Package scope is typically too coarse - a package might export multiple different pieces of related functionality and you’d want to be able to use the “safe” parts you audited (eg no fs access) and never call the “dangerous” ones.
The harder bit is annotating things - while you can protect against std::fs, it’s likely harder to guarantee that malicious code doesn’t just call syscalls directly via assembly. There’s too many escapes possible which is why I suspect no one has particularly championed this idea.
> it’s likely harder to guarantee that malicious code doesn’t just call syscalls directly via assembly.
Hence the requirement to also limit / ban `unsafe` in untrusted code. I mean, if you can poke raw memory, the game is up. But most utility crates don't need unsafe code.
> Package scope is typically too coarse - a package might export multiple different pieces of related functionality and you’d want to be able to use the “safe” parts you audited
Yeah; I'm imagining a combination of "I give these permissions to this package" in Cargo.toml. And then at runtime, the compiler only checks the call tree of any functions I actually call. Its fine if a crate has utility methods that access std::fs, so long as they're never actually called by my program.
> Hence the requirement to also limit / ban `unsafe` in untrusted code
I think you’d be surprised by how much code has a transitive unsafe somewhere in the call chain. For example, RefCell and Mutex would need unsafe and I think you’d agree those are “safe constructs” that you would want available to “utility” code that should haven’t filesystem access. So now you have to go and reenable constructs that use unsafe that should be allowed anyway. It’s a massively difficult undertaking.
Having easier runtime mechanisms for dropping filesystem permissions would definitely be better. Something like you are required to do filesystem access through an ownership token that determines what you can access and you can specify the “none” token for most code and even do a dynamic downgrade. There’s some such facilities on Linux but they’re quite primitive - it’s process wide and once dropped you can never regain that permission. That’s why the model is to isolate the different parts into separate processes since that’s how OSes scope permissions but it’s super hard and a lot of boilerplate to do something that feels like it should be easy.
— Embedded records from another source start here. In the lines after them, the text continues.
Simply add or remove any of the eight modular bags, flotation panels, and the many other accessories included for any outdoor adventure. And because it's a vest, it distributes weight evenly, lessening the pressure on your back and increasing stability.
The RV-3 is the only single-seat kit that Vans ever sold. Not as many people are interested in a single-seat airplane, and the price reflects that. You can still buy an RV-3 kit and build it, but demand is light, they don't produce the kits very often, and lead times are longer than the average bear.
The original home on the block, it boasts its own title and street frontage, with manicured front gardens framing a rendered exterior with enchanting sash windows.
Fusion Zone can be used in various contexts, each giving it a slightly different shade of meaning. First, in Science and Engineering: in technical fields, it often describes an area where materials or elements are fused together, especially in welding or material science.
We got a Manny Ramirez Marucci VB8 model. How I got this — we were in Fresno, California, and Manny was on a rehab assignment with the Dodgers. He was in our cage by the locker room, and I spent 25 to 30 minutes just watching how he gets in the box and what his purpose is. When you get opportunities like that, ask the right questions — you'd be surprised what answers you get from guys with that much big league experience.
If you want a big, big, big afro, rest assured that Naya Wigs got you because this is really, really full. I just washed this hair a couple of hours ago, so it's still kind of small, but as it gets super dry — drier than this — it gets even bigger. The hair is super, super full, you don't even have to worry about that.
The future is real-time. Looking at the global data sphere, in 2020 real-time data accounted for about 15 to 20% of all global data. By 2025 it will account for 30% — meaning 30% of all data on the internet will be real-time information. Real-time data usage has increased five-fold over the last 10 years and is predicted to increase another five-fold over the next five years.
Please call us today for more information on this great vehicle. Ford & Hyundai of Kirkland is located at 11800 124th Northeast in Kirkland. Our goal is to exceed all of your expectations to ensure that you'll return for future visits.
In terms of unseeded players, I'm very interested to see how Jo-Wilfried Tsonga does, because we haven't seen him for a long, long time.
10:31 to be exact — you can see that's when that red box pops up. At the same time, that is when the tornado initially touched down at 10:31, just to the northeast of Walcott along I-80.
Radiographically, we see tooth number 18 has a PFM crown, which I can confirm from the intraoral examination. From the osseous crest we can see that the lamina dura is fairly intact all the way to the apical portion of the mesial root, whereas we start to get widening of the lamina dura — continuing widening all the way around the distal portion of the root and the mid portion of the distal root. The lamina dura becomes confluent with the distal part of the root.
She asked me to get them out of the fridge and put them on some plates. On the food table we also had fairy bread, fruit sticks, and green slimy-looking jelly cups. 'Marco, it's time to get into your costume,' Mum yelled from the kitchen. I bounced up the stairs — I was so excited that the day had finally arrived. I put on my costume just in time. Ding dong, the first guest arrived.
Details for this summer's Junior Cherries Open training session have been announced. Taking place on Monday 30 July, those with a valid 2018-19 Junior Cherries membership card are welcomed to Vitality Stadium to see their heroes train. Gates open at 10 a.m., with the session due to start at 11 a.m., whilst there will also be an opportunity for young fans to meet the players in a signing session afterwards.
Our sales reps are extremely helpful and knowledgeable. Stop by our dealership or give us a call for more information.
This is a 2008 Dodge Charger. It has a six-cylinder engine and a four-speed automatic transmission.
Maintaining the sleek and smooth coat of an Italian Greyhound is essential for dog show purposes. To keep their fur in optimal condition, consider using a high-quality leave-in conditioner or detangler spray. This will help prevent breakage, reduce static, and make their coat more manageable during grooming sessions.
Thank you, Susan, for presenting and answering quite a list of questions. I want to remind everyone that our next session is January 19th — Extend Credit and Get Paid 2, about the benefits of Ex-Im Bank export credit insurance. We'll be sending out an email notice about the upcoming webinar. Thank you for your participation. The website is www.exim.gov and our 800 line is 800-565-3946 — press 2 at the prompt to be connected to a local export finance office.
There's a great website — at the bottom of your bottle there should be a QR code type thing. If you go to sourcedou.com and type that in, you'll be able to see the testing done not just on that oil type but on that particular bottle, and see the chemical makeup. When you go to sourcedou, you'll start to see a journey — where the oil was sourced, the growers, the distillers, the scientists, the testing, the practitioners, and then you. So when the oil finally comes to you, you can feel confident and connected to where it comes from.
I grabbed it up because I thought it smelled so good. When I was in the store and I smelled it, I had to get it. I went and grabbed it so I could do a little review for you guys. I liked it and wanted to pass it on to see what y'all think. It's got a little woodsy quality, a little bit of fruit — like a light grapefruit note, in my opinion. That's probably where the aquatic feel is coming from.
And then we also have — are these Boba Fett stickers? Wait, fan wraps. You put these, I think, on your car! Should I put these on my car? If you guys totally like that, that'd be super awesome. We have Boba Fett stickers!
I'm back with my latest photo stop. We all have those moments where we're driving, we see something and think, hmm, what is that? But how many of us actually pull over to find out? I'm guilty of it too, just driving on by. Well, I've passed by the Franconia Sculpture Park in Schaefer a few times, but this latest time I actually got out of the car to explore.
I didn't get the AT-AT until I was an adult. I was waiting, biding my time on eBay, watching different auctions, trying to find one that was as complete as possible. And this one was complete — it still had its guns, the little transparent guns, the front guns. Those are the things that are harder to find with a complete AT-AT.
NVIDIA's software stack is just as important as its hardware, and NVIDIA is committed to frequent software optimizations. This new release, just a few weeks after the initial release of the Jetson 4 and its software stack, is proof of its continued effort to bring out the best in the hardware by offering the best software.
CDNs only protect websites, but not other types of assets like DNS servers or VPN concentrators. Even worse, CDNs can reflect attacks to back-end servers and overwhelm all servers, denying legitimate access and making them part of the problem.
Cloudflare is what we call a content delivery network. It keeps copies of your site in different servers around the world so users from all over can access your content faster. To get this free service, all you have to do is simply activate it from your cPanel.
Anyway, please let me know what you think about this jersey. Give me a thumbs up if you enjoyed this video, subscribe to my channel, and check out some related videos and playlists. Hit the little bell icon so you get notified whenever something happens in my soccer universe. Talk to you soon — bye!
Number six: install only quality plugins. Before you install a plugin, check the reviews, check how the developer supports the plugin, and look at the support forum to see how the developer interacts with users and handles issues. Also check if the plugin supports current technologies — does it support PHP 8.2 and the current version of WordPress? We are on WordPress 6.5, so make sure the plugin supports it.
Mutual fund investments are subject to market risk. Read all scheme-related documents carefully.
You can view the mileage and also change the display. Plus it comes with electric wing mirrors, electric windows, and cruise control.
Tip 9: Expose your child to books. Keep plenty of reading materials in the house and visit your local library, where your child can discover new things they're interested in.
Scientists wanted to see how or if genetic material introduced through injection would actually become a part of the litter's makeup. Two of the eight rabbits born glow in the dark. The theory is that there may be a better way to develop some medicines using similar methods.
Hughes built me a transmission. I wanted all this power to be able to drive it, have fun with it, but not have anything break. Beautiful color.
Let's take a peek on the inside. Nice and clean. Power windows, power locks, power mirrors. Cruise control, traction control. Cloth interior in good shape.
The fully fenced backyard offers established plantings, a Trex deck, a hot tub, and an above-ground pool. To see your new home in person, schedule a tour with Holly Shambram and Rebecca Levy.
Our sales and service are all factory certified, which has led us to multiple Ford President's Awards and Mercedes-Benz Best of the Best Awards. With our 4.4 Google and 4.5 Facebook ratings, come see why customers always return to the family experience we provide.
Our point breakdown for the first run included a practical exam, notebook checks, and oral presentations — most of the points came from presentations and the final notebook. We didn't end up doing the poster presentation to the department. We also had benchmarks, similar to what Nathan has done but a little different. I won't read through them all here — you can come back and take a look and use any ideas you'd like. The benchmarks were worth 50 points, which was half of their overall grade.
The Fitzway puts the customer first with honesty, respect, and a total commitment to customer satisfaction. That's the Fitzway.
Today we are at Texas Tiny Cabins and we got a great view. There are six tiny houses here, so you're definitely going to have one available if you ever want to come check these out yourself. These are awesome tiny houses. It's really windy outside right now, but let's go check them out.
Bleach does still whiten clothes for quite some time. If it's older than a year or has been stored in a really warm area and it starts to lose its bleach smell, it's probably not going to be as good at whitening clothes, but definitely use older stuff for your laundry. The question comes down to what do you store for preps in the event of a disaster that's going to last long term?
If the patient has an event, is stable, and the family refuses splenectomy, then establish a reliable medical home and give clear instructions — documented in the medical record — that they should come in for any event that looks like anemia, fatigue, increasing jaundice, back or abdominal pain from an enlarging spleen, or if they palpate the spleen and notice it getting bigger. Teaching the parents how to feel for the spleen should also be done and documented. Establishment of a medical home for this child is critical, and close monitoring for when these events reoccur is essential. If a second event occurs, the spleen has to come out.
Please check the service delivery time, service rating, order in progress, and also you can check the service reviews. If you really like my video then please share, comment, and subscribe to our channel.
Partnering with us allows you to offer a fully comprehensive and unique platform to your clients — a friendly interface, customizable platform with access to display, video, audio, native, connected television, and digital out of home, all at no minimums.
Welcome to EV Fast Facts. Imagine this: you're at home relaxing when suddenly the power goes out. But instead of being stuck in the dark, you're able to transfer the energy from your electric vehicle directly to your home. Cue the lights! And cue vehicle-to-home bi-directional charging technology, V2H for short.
> I think you’d be surprised by how much code has a transitive unsafe somewhere in the call chain. For example, RefCell and Mutex would need unsafe and I think you’d agree those are “safe constructs” that you would want available to “utility” code that should haven’t filesystem access. So now you have to go and reenable constructs that use unsafe that should be allowed anyway. It’s a massively difficult undertaking.
RefCell and Mutex have safe wrappers. If you stick to the safe APIs of those types, it should be impossible to read / write to arbitrary memory.
I think we just don't want untrusted code itself using unsafe. We could easily allow a way to whitelist trusted crates, even when they appear deep in the call tree. This would also be useful for things like tokio, and maybe pin_project and others.
That sounds like a massive security problem to me. All it would take is one popular crate to get hacked / bribed / taken over and we're all done for. Giving thousands of strangers the ability to run arbitrary code on my computer is a profoundly stupid risk.
Especially given its unnecessary. 99% of crates don't need the ability to execute arbitrary syscalls. Why allow that by default?